'A valuable release in terms of providing an opportunity to hear little-known works from a glorious musical era' (International Record Review)
'Kenny's passage-work is exhiliaratingly crisp but most startling here is the bold ornamentation and dramatic dynamics' (The Independent)
'The listener is able to savour the individual qualities of each work while finding additional pleasure in the numerous correspondences and differences that pervade the collection - all the while marvelling not only at Kenny's acute sense of local colour, form and texture but also her considerable technical prowess, the latter especially obvious in the profuse ornamentation and extended divisions throughout' (Gramophone)
'Kenny's performances are technically expert… They are invariably sensitive, with special attention paid to the suppleness of phrasing. She never shortchanges the ornamentation, and incorporates rhetorical pauses in the musical textures of the slower works into her sound to great effect. All the material she plays is treated with an identical attention to detail and shaping, regardless of tempo or weight… Top marks all around' (Fanfare, USA)

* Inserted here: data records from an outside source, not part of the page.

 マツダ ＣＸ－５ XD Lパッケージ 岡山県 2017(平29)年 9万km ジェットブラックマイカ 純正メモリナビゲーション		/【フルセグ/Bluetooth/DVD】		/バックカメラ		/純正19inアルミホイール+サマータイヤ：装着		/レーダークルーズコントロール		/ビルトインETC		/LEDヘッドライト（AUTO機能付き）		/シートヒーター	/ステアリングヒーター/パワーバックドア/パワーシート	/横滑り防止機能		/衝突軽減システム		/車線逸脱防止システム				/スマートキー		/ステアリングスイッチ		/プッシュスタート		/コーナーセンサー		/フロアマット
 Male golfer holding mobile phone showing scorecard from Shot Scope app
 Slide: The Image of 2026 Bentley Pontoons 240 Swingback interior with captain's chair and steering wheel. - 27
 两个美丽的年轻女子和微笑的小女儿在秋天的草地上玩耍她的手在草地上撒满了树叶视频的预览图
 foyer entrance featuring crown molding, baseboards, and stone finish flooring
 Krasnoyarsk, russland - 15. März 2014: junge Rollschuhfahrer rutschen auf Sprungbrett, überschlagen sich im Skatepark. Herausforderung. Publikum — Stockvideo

Mysterious doodles on a 17th-century manuscript provided Liz Kenny with the inspiration for this fascinating disc. The ownership of the ML Lutebook has been attributed to a number of court musicians from its discovery in 1912, but it was the name ‘Margaret’ occasionally scrawled throughout the copy which caught the contemporary performer’s imagination. Kenny writes that ‘this chimed with the train of thought that was beginning to focus on what and who these books were compiled for, rather than on any single composer who wrote them, and put it in line with other books belonging to Jane Pickeringe and Margaret Board (lute), Elizabeth Rogers (virginals), and Lady Ann Blount (singing), where a remarkable level of virtuosity was associated with private performance by women. There are plenty of great men and great tunes within its covers but ‘Margaret’ has remained in my mind over the years that I’ve been fascinated by the book’.
The Flying Horse (track 24) is an anonymous piece that seems to sum up the spirit of the book, a ground bass spiced up with an exotic chord of A flat and an incitement to improvise. Works by Dowland, Johnson, Bacheler, Sturt and others summon up an exhilarating musical world influenced by the court, the theatre and the cries of the street, and where mansucripts, passed from hand to hand, became palimpsests of the perfomer’s own art.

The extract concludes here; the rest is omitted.